- Aim of the exercise -
Keep only those lines of the records that include the string "Black".

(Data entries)
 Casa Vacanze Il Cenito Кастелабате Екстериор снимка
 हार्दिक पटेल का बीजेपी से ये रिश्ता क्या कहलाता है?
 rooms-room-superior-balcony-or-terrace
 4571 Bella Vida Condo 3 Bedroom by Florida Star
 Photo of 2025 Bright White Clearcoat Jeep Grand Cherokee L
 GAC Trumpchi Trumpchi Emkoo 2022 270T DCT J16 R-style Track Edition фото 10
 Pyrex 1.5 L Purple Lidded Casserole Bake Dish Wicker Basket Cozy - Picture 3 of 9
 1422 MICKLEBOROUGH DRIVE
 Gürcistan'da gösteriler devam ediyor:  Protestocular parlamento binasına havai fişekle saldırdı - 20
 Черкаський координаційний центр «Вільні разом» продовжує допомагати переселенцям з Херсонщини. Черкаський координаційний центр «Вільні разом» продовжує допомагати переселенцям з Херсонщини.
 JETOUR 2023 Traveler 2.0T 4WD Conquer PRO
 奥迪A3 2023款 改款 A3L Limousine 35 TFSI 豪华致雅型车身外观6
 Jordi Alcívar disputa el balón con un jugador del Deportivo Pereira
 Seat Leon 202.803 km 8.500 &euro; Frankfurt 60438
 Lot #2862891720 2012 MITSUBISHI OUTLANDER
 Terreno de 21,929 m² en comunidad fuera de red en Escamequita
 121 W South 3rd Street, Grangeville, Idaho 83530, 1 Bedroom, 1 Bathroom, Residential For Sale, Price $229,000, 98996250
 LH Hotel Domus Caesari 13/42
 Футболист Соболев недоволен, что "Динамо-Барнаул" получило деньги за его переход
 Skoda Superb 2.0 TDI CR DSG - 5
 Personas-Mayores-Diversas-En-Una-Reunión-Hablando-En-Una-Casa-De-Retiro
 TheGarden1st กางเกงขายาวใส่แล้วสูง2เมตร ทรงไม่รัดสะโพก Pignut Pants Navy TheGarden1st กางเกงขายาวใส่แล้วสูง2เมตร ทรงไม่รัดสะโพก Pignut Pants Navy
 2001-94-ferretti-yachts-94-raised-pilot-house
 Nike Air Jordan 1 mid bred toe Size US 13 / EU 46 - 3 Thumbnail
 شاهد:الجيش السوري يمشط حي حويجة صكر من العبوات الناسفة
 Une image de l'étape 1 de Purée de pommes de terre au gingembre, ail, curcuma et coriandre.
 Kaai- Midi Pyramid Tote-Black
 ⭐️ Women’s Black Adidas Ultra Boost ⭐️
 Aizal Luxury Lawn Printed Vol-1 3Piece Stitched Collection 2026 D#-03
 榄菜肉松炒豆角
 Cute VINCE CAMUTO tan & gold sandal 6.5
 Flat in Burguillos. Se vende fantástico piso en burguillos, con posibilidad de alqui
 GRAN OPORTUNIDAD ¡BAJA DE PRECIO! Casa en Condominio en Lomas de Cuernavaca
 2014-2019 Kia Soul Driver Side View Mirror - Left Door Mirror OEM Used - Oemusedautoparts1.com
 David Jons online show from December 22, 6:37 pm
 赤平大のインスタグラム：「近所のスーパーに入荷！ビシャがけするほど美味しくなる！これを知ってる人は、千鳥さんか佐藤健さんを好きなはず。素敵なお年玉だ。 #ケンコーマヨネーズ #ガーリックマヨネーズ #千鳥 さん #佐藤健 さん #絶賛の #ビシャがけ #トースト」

- Task solution -
 Kaai- Midi Pyramid Tote-Black
 ⭐️ Women’s Black Adidas Ultra Boost ⭐️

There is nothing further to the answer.